Negotiation secrets of Donald Trump are revealed

December 3, 2006

If you are a serious real estate investor or realty sales agent, reading and applying “Trump-Style Negotiation” by George H. Ross will pay handsome dividends in the form of more successful real estate transactions. This new book offers an insight into the negotiation strategies of both Donald Trump and his trusted longtime adviser and attorney, George H. Ross.


BOOK REVIEW

Trump-Style Negotiation
By George H. Ross (John Wiley and Sons, Hoboken, NJ), 2006, $24.95, 259 pages. Available in stock or by special order at local bookstores, public libraries, and Amazon.com.
This extremely well-written book reveals Trump's big thinking negotiation strategies. He focuses on the real estate goal. However, Ross reveals, Trump has little patience for details of the transaction, and he leaves those to trusted associates such as Ross who has worked with Trump for more than 30 years.

But this book isn't just about Donald Trump's negotiation tactics. It is primarily George Ross' negotiation strategy play book. He emphasizes how he tries to establish rapport with the other party to the negotiation before moving on to the actual transaction.

This is a book serious real estate entrepreneurs will want to read several times to fully absorb the author's valuable negotiation strategies. Having taught a negotiation course at New York University for many years, Ross has highly organized his negotiation thinking so he knows what works and what doesn't.

Along the way, he shares how he reluctantly met Trump (as a courtesy to Trump's father, Fred), how he worked out the very complicated details of Trump's first transaction (the Grand Hyatt Hotel on 42nd Street in New York), and how Trump came to rely on Ross to handle the details of Trump's often-complicated transactions.

The book is filled with real-life negotiation examples that work. It almost reads like a novel because it is packed with suspense as each transaction works its way to a usually successful conclusion. If the book has a weakness, it doesn't provide enough details.

For example, Ross shares how a Minneapolis entrepreneur wanted the local franchise for Trump Ice bottled water. When he learned Ross was coming to Minneapolis on a book tour, he phoned Ross, arranged to pick him up at the airport, and had a police escort take them to a Minnesota Twins baseball game where Ross, at age 76, threw the ceremonial first ball and got it across home plate for a strike. The entrepreneur even gave Ross a Twins uniform with his favorite number, 16, and name on it. After that, negotiating the franchise was easy. But readers never learn that entrepreneur's name.

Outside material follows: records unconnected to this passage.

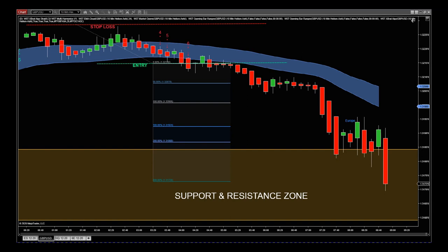Hi, this is Paul from PaulRubbie.com and this is a quick video blog for the X-Brand Algo. I'm using our new version for NinjaTrader, so it's available for TradingView and NinjaTrader now. We're just about to release this.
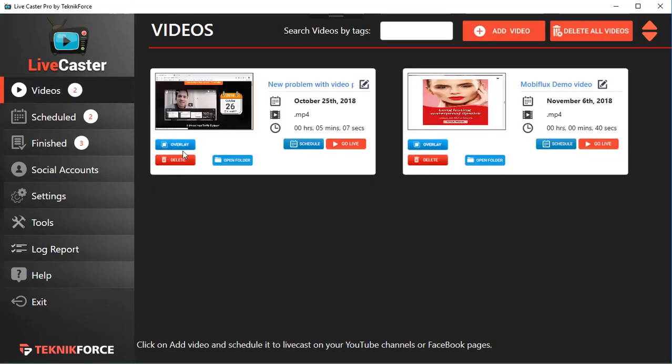LiveCaster 3 is now available, and it's the only software which can be used to live cast to Facebook pages, Facebook profiles with scheduling, and also universally to any other live casting website through RTMP. Of course it supports YouTube too, and you get the benefits of top rankings on YouTube, traffic from YouTube and Google, and rankings and traffic from Facebook as well.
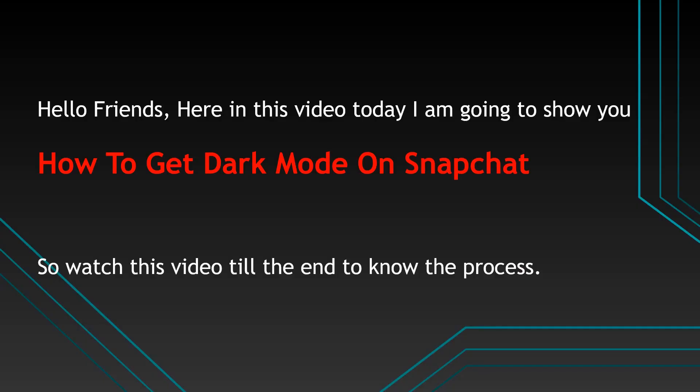Hello friends, here in this video today I am going to show you how to get dark mode on Snapchat. So watch this video till the end to know the process.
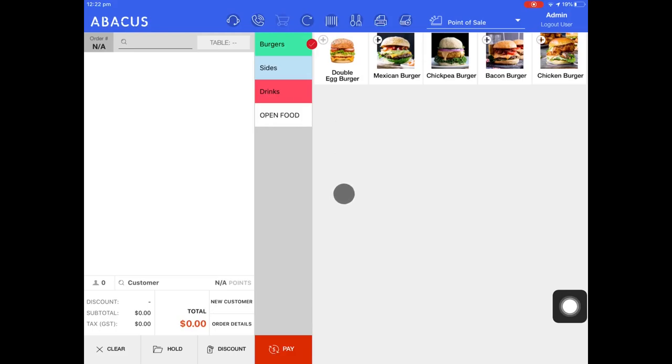In this Abacus video tutorial I'll be showing a few of the different ways your customers can pay for their orders. I'll start with cash payments.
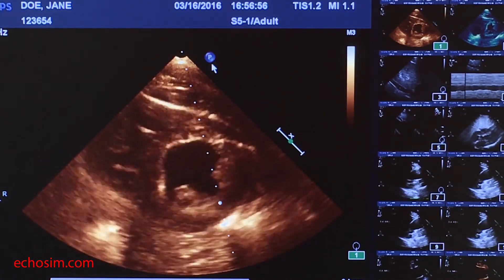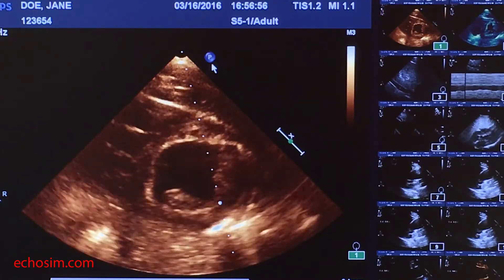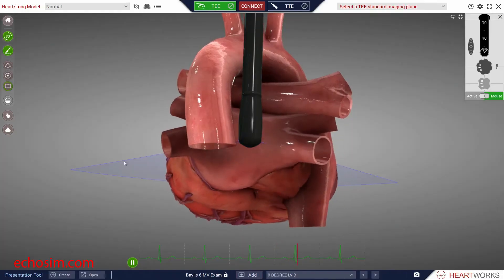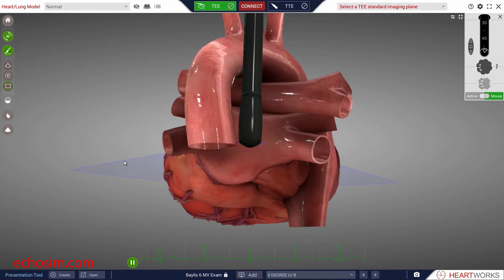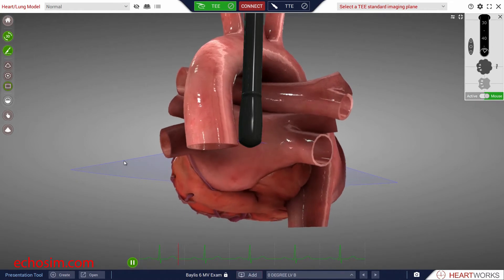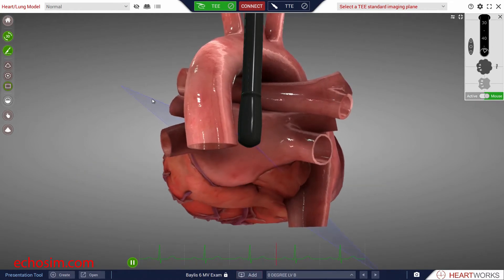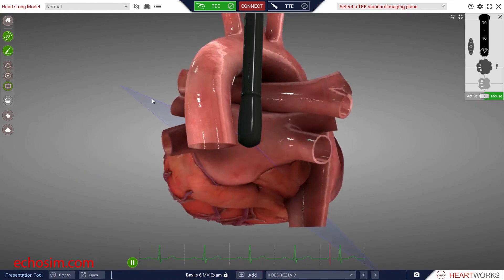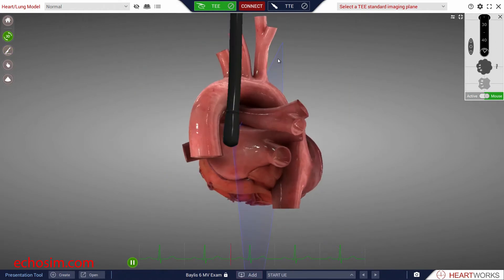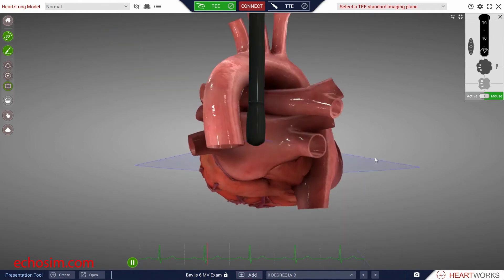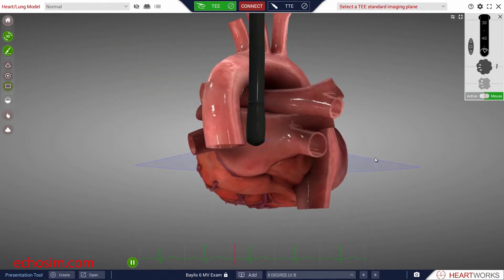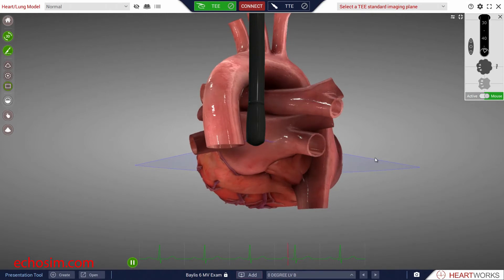This side of the omniplane will always correspond to the blue P marker on the machine display monitor. This will be true regardless of the position of the omniplane, whether it be at 0, 60, 90, 120, or 180 degrees. This will always hold true.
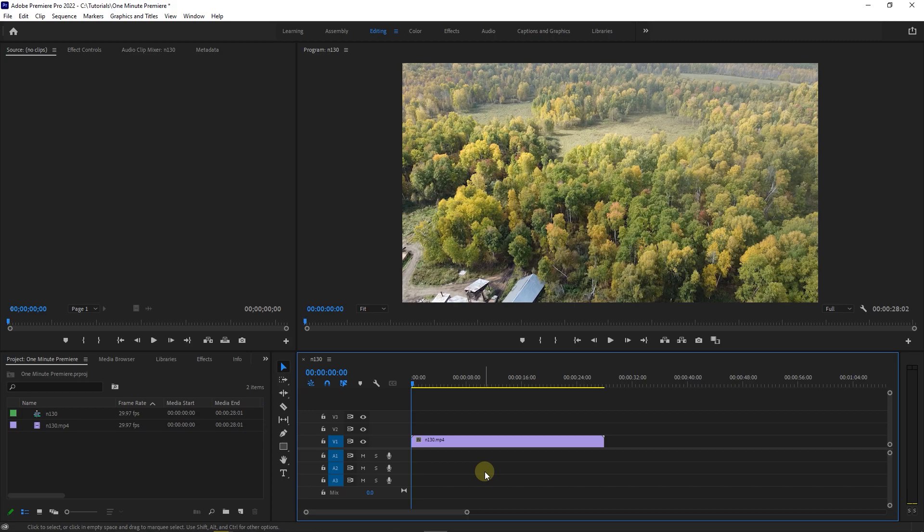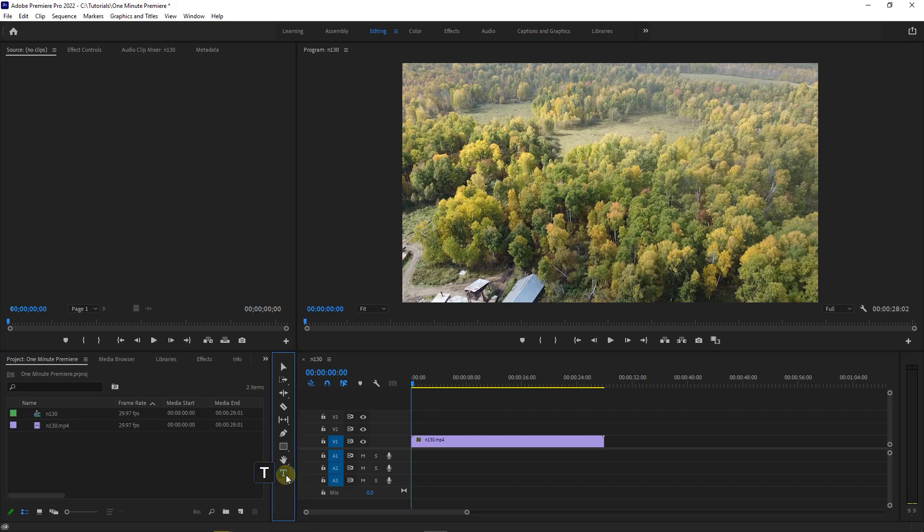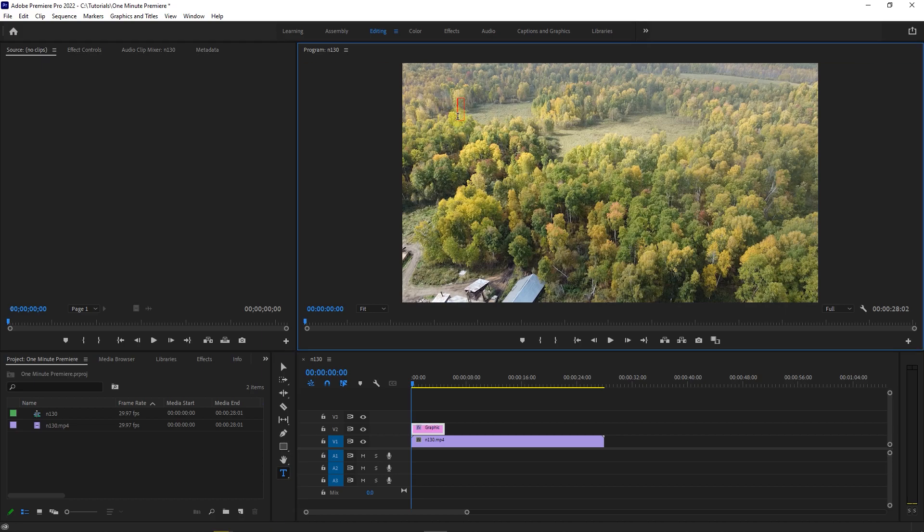How to center text at the middle. To get started, use the Type Tool and click anywhere, then type the text that you want.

The keys of Trump's real estate negotiation success, according to Ross, are: build trust, build rapport, and create satisfaction. He emphasizes how important it is to find a common ground with the negotiation opponent. Then take time to establish rapport by talking and listening. Finally, create satisfaction so each party involved in the transaction gets everything he/she wants.

A good example of that is the negotiation where Trump assembled the land where the famous Trump Tower is now located on New York's Fifth Avenue. Ross says, “Donald Trump rarely starts off any negotiation by telling the other side exactly what he really has in mind.” Then he explains how Trump and the late Leonard Kandell negotiated a land lease under Kandell's building on 57th Street and unused excess air rights, which could be used to increase the height of Trump Tower. Ross next reveals the intricate negotiation details of how both parties got what they wanted. To this day, Ross is an adviser to the Kandell heirs.

This is the best real estate negotiation book I've ever read (and I've read quite a few). Not only does it organize and explain negotiation principles, but it provides abundant real-life examples.

This real estate book is so valuable it should be read only one or two chapters at a time. I plan to reread it because I'm sure I missed some key tactics in the first reading. This book is so well written it should become the textbook for college real estate negotiation courses.


Robert J. Bruss is a San Francisco lawyer, broker and nationally syndicated real estate writer.